Despite a capital markets meltdown, Fannie Mae and Freddie Mac are still providing debt financing at reasonable rates, and even the FHA is emerging as a viable alternative for tax credit developers, said panelists at AHF Live.
Affordable housing debt from Fannie Mae and Freddie Mac has been unaffected by the conservatorship. For 9 percent transactions, Fannie Mae is still providing loans with 90 percent loan-to-value, debt-service coverage ratios (DSCRs) of 1.15x, and 30-year amortizations.
One major difference between the two is that Freddie Mac routinely provides 35-year amortization, while Fannie Mae won’t consider 35-year terms as much as it once did.

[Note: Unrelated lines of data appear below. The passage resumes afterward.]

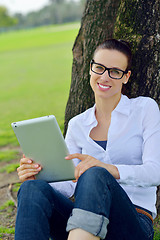 Image showing Beautiful young woman with  tablet in park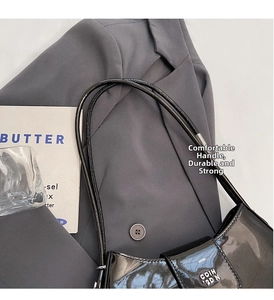 Détail d'un sac bandoulière en cuir verni noir avec logo métallique sur costume gris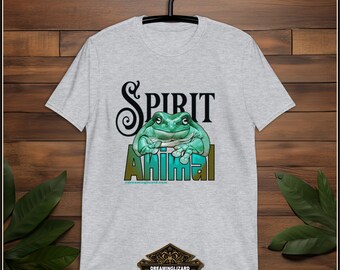 May include: A gray t-shirt with a green frog graphic and the text "Spirit Animal" in a stylized font. The text "dreaminglizard.com" is printed below the graphic. The t-shirt has a crew neck and short sleeves.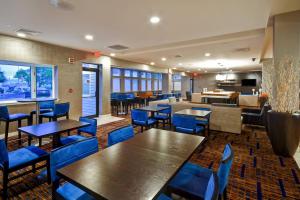 a restaurant with wooden tables and blue chairs at Courtyard Cape Cod Hyannis in Hyannis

Lender spreads on unfunded forward commitments for 9 percent tax credit deals from the agencies are about 380 basis points (bps) over the yield on the 10-year Treasury, for an all-in rate of about 7.6 percent. Funded forward commitments are being quoted at about 75 bps less, closer to 7 percent, as of early November.

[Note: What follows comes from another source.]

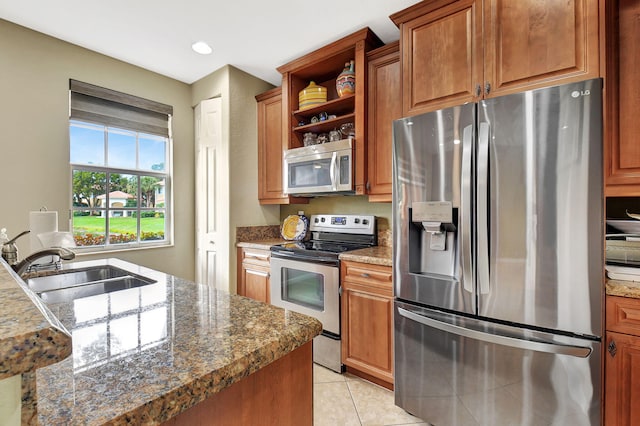 kitchen with light tile patterned flooring, stainless steel appliances, and sink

But quotes are not holding for very long these days. “Spreads are changing by the minute,” said Phil Melton, senior vice president at Grandbridge Real Estate Capital.
Tax-exempt bond deals are having the roughest time. Fannie Mae is not actively quoting floating-rate bond transactions, unable to figure out how to price them due to the volatility in the bond markets. The lenders still doing bond transactions are quoting them at pretty high rates, though. “For tax-exempt bonds, the all-in rates are around 7.5 percent, and there are not a lot of transactions that will work at that level,” said Melton.

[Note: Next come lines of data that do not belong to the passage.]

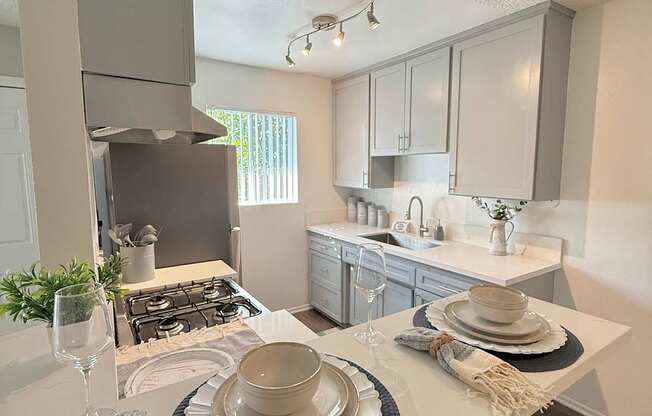 A kitchen with a white countertop and a black and white placemat.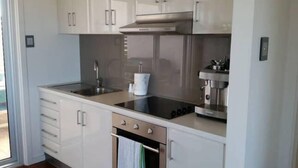A modern kitchen with white cabinets, a stainless steel stove, and a coffee maker. - Gillian's on the beachfront Port MacDonnell, the best view in town. (Port MacDonnell)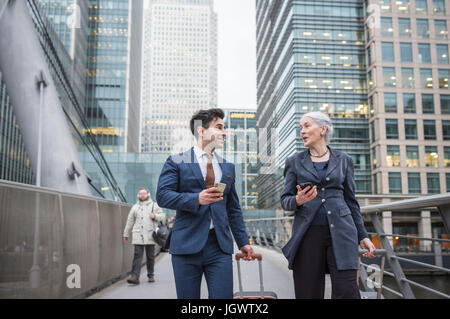 Businessman and businesswoman using mobile phone and pulling trolley luggage, Canary Wharf, London, UK Stock Photo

Freddie Mac has made some moves recently to expedite its processing of affordable housing transactions, noted Tom Booher, executive vice president at PNC MultiFamily Capital. Freddie Mac has moved to a delegated risk-share program, recently announcing that all of its affordable housing deals must be done through the delegated model.
While only three companies, PNC, Wachovia, and Centerline, enjoy fully delegated status, five other lenders are close to graduating from the pilot phase. By graduating to fully delegated status, companies can originate Freddie Mac loans more quickly and with more certainty than it could under the former “prior approval” process.
The Federal Housing Administration (FHA) has also become a viable source of financing for tax credit developers thanks to some sweeping changes recently made to its multifamily programs. The changes should speed up deal cycle times significantly and remove many barriers that forced affordable housing developers to avoid the FHA for more on those changes, visit www.housingfinance.com/ahf/articles/2008/nov/1108-finance.htm.
There’s a lot to love about the FHA’s programs, especially as the market for construction financing has all but dried up, noted Carolyn McMullen, who runs the Midwest region for FHA lender Prudential Huntoon Paige. The FHA’s Sec. 221(d)(4) program, a construction-to-permanent loan, is nonrecourse, features 40-year amortization, and 1.11x DSCR.
“FHA is the greatest money out there, but it’s a difficult process,” said Jim Sari, CEO of affordable housing developer The Landmark Group. “They’ve got 40-year, 1.11x money, and they can’t give it away, so that tells you they’ve had an underwriting problem. I’m hopeful the new changes will help.”
Sec. 221(d)(4) loans were being quoted in the 7 percent to 7.3 percent range in early November. That figure doesn’t take into account the additional mortgage insurance premium, which raises the rate by about 45 bps.
Other forms of capital available to developers are drying up. Some states facing budget shortfalls are seeing smaller housing trust funds. And the Federal Home Loan Banks’ Affordable Housing Program, a fund tied to the profits of member banks, has significantly diminished in the last year.